On the other hand, the lack of micronutrients such as vitamin A  affects one-third of children living in low-income. (1) This immune system increases the risk of getting infections like measles.

The last two micronutrients to pay special attention to are iron and magnesium. When there is a lack of foods with iron in the diet, anemia appears, and the chances of infection and bleeding multiply. The lack of magnesium is the most frequent in athletes; this decreases the maximum respiratory capacity and lower muscle performance. Including magnesium foods regularly is essential for those who lead an active lifestyle.

Phytonutrients and antinutrients

It is of great importance not to confuse the terms phytonutrients with antinutrients. The former is a type of micronutrient found in plant foods. These are carotenoids, phytosterols, flavonoids, and glucosinolates and have potential benefits as antioxidants in nutrition.

By definition, antinutrients are components of food that impair the absorption of vitamins and minerals.

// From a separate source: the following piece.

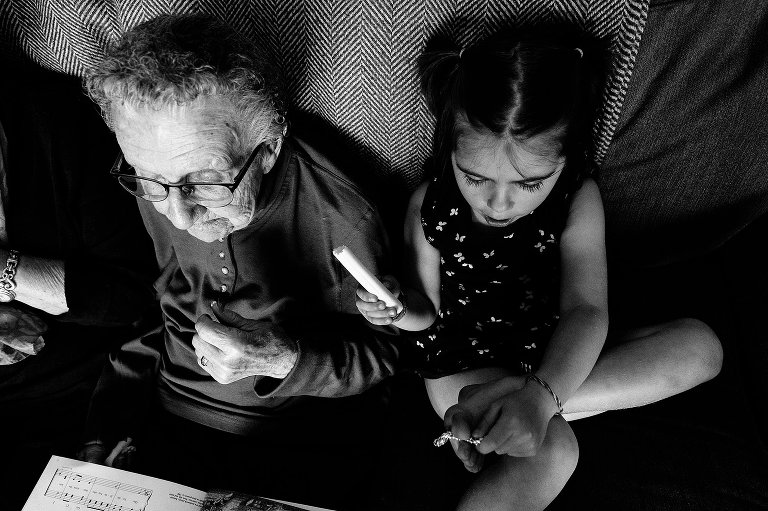 black and white. Young girl eats a cheese stick while listening to her great-grandmother read a book.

For example, legumes contain phytic acid: its regular excessive consumption negatively affects the absorption of iron, zinc, calcium, and phosphorus.

By definition, nutrients are necessary elements for the maintenance and growth of life. They are found in food, and their correct balance can be achieved by following healthy eating rules. Macronutrients are protein, fat, water, and carbohydrates; micronutrients: are vitamins and minerals. The amounts of macro and micronutrients vary according to gender and age, with children and pregnant women most vulnerable to their lack.